* _INSTRUCTIONS TO FOLLOW_
Filter this listing down to the lines that contain the word "with", and copy them.

[Opening RECORDS section]

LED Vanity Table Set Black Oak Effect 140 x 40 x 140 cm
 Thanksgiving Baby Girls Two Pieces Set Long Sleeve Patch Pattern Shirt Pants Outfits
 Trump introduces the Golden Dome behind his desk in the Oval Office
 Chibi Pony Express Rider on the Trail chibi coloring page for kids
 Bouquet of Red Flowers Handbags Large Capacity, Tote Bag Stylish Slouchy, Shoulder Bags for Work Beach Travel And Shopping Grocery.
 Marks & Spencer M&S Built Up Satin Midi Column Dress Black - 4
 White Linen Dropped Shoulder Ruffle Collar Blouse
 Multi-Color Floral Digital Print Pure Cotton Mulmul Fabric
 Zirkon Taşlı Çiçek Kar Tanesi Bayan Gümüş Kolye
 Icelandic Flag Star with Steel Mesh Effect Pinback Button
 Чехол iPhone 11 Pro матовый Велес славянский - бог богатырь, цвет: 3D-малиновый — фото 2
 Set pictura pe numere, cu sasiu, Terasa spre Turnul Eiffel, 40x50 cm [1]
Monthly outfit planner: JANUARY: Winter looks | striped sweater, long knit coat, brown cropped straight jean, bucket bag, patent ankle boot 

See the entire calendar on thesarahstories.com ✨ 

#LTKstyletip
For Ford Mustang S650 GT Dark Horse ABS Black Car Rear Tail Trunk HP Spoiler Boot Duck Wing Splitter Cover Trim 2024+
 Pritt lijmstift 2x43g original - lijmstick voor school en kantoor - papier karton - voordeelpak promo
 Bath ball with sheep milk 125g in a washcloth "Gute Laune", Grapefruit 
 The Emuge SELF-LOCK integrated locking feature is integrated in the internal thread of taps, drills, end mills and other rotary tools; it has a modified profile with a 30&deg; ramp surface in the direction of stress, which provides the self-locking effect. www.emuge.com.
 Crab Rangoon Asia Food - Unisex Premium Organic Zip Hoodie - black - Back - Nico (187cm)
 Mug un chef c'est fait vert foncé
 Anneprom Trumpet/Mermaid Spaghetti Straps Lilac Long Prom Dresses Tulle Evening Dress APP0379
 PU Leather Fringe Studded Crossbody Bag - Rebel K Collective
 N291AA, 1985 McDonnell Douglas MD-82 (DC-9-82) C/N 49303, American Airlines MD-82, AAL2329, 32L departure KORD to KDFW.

[Closing RECORDS section]

* _SOLUTION TO THIS TASK_
 Icelandic Flag Star with Steel Mesh Effect Pinback Button
 Bath ball with sheep milk 125g in a washcloth "Gute Laune", Grapefruit 
 The Emuge SELF-LOCK integrated locking feature is integrated in the internal thread of taps, drills, end mills and other rotary tools; it has a modified profile with a 30&deg; ramp surface in the direction of stress, which provides the self-locking effect. www.emuge.com.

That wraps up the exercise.